When I first heard about ADRA I was inspired by the various types of relief efforts they support and their vast global reach. I have always had an interest in working with an international organization as I am passionate about global health and international humanitarian aid. This past summer I had the opportunity to work with ADRA International and ADRA Ecuador on an evaluation for their disaster risk reduction activities in various provinces in the Ecuador region. Having the opportunity to see the work ADRA is doing first hand and learning more about their mission to provide international humanitarian aid grew my desire to work with them.
While I did not know much about the ADRA Bahamas team going into this internship, I was interested in being a part of the disaster risk reduction and education activities of the project. I was also interested in learning more about MEAL and gaining more of the skills involved with MEAL activities. Additionally, I felt working with ADRA Bahamas was a great opportunity for me to learn and see how relief activities are conducted.
MEAL is a vital aspect to any humanitarian aid work. It is an important component as it focuses on the impact of project activities by tracking goods and services that are provided. This is particularly important for the post-disaster type work being done in The Bahamas as there are always multiple factors to address in a disaster situation. Thus, it becomes important to ensure the voices of the community and beneficiaries are heard throughout the process so that those activities and items that are being provided are being used effectively and donors can be made aware of the impact of their contributions."
"As I completed my Global Health MPH program, I
knew I wanted to work in a nonprofit organization, and knew that I wanted to further understand the planning and implementation that goes behind the scenes of a humanitarian organization.
I looked into different humanitarian organizations, but having prior knowledge of the Adventist
Development and Relief Agency, my mind kept coming back and seeking for any opportunity to work with ADRA.
Besides the prior knowledge of the organization, the other reason for wanting to work with ADRA was my vision of public health aligned with the organization’s purpose: To serve humanity so all may live as God intended. In addition, the idea to not only put the learned public health skills into practice but as well as to share those skills collaboratively was essentially what I was hoping to experience as I completed my postgraduate degree.
The opportunity came when ADRA Bahamas was needing an intern for the area of Monitoring,
Evaluation, Accountability and Learning (MEAL). This opportunity provided to mainly focus in the Education in Emergencies project, which its goal is to provide education humanitarian
assistance to students and educators. Previously working in the education sector by conducting
research, I knew I could not pass the opportunity. I wanted to continue to work in the education
sector while also put into practice public health skills.
Working as a MEAL intern for ADRA Bahamas has been a truly gratifying experience so far. And although the work has been remotely and with its challenges, it has been the perfect space for growth, collaborative work, leadership opportunities, and community empowerment.
The other discovery in working as a MEAL intern is how important this area of work is for the
communities around us. MEAL is an important area of work in public health because the data
collected can help us understand communities better. And even more so, MEAL is important in
humanitarian work because through data you see the impact of the provided relief and
development assistance. The impact then tells us where to improve, what programs of benefit
we can implement and how to build sustainability for local capacity. "

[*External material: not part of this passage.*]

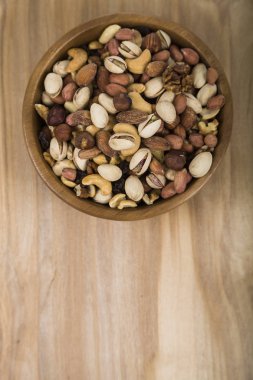 Ahşap bir masa üzerinde bir ahşap kase fındık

Meet The Education In Emergencies Project Officers
My name is Alexis Coleby. I am 21 years old.
I am a recent graduate of Redeemer University which is located in Hamilton Ontario, Canada. I graduated with a Bachelor of Art's degree in Applied Social Science (Sociology and Social Work) with a minor in Missions and Ministries.
I heard about ADRA from some of my church members. I enjoy having meaningful conversations with people who are different than me. I think that by being a volunteer at ADRA, I will be able to engage in conversations and learn from people who are different than I am.

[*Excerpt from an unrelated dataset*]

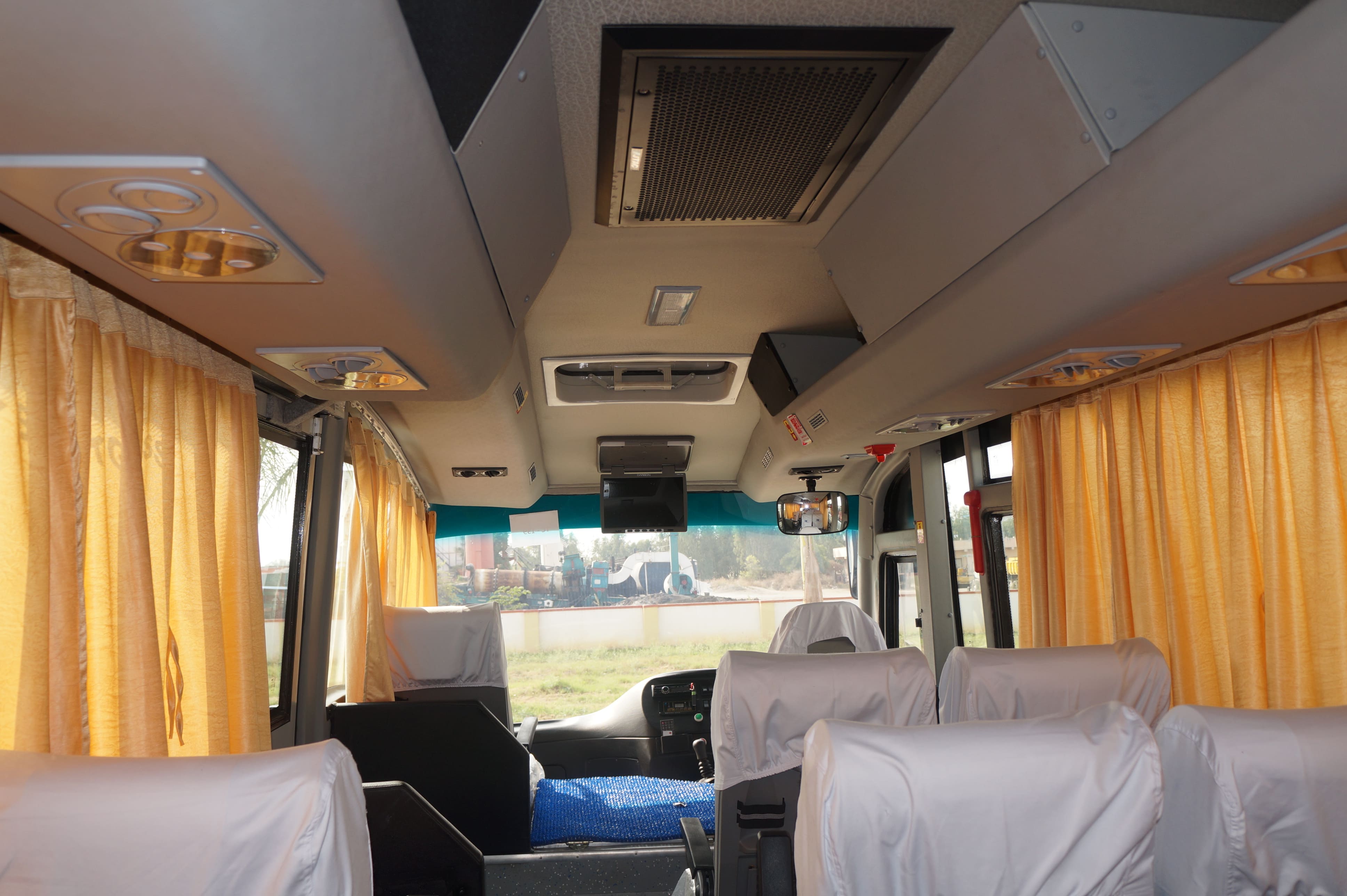 Interior of a bus featuring orange curtains, ceiling lights, and seats covered in white fabric.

My goal is to eventually go back to school for a Master's of Divinity in Christian Counselling so that I can pursue a career in counselling in the near future."
Antoinette Dean our Program Officer on Abaco is a native Abaconian. She is blessed with 3 beautiful children whom she loves and is thankful for everyday.

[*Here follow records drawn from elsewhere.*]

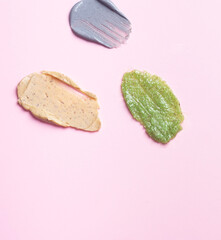 Set multicolored smears of scrub on a pink background. Texture of skin care cosmetic product.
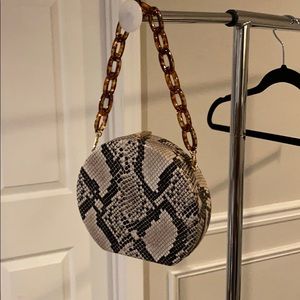 Round snake skin purse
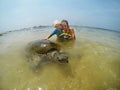 Family snorkeling with turtle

She is a proud Graduate of The College of The Bahamas and Nova Southeastern University. Most of her career has been spent in the Financial Services sector. In her new role with ADRA, she has received a unique opportunity to help others in her community in a tangible way.
In spite of the challenges she may face, she rises to meet them with a belief that "everything has a purpose, we just have take a breath and calmly trust the process."